▶ Task to carry out
Repeat the whole listing exactly, leaving nothing out.

---------------

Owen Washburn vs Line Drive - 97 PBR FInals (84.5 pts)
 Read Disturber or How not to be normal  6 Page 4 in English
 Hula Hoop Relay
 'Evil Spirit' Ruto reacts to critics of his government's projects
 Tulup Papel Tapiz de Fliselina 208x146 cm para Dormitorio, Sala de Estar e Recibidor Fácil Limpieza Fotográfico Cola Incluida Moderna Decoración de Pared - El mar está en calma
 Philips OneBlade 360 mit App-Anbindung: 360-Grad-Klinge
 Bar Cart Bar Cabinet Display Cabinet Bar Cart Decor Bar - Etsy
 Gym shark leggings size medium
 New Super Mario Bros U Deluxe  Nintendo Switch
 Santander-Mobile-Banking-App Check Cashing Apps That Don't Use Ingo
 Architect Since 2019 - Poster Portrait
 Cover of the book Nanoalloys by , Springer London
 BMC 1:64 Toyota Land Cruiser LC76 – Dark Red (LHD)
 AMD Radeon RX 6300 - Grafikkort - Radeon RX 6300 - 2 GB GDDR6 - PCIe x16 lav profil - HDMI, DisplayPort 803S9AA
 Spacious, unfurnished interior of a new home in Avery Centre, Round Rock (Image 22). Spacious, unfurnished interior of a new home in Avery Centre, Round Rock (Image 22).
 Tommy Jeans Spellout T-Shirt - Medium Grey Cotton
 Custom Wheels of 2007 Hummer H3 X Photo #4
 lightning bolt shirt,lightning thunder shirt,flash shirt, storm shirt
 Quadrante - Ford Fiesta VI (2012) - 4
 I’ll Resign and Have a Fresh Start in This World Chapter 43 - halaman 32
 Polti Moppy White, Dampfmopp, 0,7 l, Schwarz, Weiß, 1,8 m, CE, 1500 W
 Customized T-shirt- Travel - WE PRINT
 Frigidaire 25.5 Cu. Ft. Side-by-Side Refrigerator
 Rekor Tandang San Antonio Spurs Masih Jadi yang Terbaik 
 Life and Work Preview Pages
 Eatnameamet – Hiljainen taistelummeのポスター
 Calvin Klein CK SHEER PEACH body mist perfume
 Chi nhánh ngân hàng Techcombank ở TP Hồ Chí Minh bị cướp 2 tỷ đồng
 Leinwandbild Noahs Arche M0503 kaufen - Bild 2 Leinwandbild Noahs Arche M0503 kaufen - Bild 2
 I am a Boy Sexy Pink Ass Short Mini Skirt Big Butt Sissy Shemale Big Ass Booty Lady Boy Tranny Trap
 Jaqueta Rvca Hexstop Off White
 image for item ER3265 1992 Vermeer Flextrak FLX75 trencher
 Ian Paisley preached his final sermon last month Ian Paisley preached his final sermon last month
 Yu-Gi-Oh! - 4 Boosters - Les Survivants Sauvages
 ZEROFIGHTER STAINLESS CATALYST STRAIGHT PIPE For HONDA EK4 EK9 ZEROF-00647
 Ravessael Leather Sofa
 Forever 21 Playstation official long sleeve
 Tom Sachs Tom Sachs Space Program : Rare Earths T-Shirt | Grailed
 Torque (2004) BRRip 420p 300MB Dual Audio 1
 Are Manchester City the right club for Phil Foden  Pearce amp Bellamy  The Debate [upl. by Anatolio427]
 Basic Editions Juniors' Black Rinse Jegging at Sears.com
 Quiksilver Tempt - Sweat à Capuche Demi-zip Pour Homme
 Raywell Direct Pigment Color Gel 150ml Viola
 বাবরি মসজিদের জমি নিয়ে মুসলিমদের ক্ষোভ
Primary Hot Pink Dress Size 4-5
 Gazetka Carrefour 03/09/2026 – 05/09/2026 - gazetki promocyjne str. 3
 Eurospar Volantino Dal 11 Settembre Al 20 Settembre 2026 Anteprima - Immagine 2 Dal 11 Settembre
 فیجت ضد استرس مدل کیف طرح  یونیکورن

---------------

▶ Exercise solution
Owen Washburn vs Line Drive - 97 PBR FInals (84.5 pts)
 Read Disturber or How not to be normal  6 Page 4 in English
 Hula Hoop Relay
 'Evil Spirit' Ruto reacts to critics of his government's projects
 Tulup Papel Tapiz de Fliselina 208x146 cm para Dormitorio, Sala de Estar e Recibidor Fácil Limpieza Fotográfico Cola Incluida Moderna Decoración de Pared - El mar está en calma
 Philips OneBlade 360 mit App-Anbindung: 360-Grad-Klinge
 Bar Cart Bar Cabinet Display Cabinet Bar Cart Decor Bar - Etsy
 Gym shark leggings size medium
 New Super Mario Bros U Deluxe  Nintendo Switch
 Santander-Mobile-Banking-App Check Cashing Apps That Don't Use Ingo
 Architect Since 2019 - Poster Portrait
 Cover of the book Nanoalloys by , Springer London
 BMC 1:64 Toyota Land Cruiser LC76 – Dark Red (LHD)
 AMD Radeon RX 6300 - Grafikkort - Radeon RX 6300 - 2 GB GDDR6 - PCIe x16 lav profil - HDMI, DisplayPort 803S9AA
 Spacious, unfurnished interior of a new home in Avery Centre, Round Rock (Image 22). Spacious, unfurnished interior of a new home in Avery Centre, Round Rock (Image 22).
 Tommy Jeans Spellout T-Shirt - Medium Grey Cotton
 Custom Wheels of 2007 Hummer H3 X Photo #4
 lightning bolt shirt,lightning thunder shirt,flash shirt, storm shirt
 Quadrante - Ford Fiesta VI (2012) - 4
 I’ll Resign and Have a Fresh Start in This World Chapter 43 - halaman 32
 Polti Moppy White, Dampfmopp, 0,7 l, Schwarz, Weiß, 1,8 m, CE, 1500 W
 Customized T-shirt- Travel - WE PRINT
 Frigidaire 25.5 Cu. Ft. Side-by-Side Refrigerator
 Rekor Tandang San Antonio Spurs Masih Jadi yang Terbaik 
 Life and Work Preview Pages
 Eatnameamet – Hiljainen taistelummeのポスター
 Calvin Klein CK SHEER PEACH body mist perfume
 Chi nhánh ngân hàng Techcombank ở TP Hồ Chí Minh bị cướp 2 tỷ đồng
 Leinwandbild Noahs Arche M0503 kaufen - Bild 2 Leinwandbild Noahs Arche M0503 kaufen - Bild 2
 I am a Boy Sexy Pink Ass Short Mini Skirt Big Butt Sissy Shemale Big Ass Booty Lady Boy Tranny Trap
 Jaqueta Rvca Hexstop Off White
 image for item ER3265 1992 Vermeer Flextrak FLX75 trencher
 Ian Paisley preached his final sermon last month Ian Paisley preached his final sermon last month
 Yu-Gi-Oh! - 4 Boosters - Les Survivants Sauvages
 ZEROFIGHTER STAINLESS CATALYST STRAIGHT PIPE For HONDA EK4 EK9 ZEROF-00647
 Ravessael Leather Sofa
 Forever 21 Playstation official long sleeve
 Tom Sachs Tom Sachs Space Program : Rare Earths T-Shirt | Grailed
 Torque (2004) BRRip 420p 300MB Dual Audio 1
 Are Manchester City the right club for Phil Foden  Pearce amp Bellamy  The Debate [upl. by Anatolio427]
 Basic Editions Juniors' Black Rinse Jegging at Sears.com
 Quiksilver Tempt - Sweat à Capuche Demi-zip Pour Homme
 Raywell Direct Pigment Color Gel 150ml Viola
 বাবরি মসজিদের জমি নিয়ে মুসলিমদের ক্ষোভ
Primary Hot Pink Dress Size 4-5
 Gazetka Carrefour 03/09/2026 – 05/09/2026 - gazetki promocyjne str. 3
 Eurospar Volantino Dal 11 Settembre Al 20 Settembre 2026 Anteprima - Immagine 2 Dal 11 Settembre
 فیجت ضد استرس مدل کیف طرح  یونیکورن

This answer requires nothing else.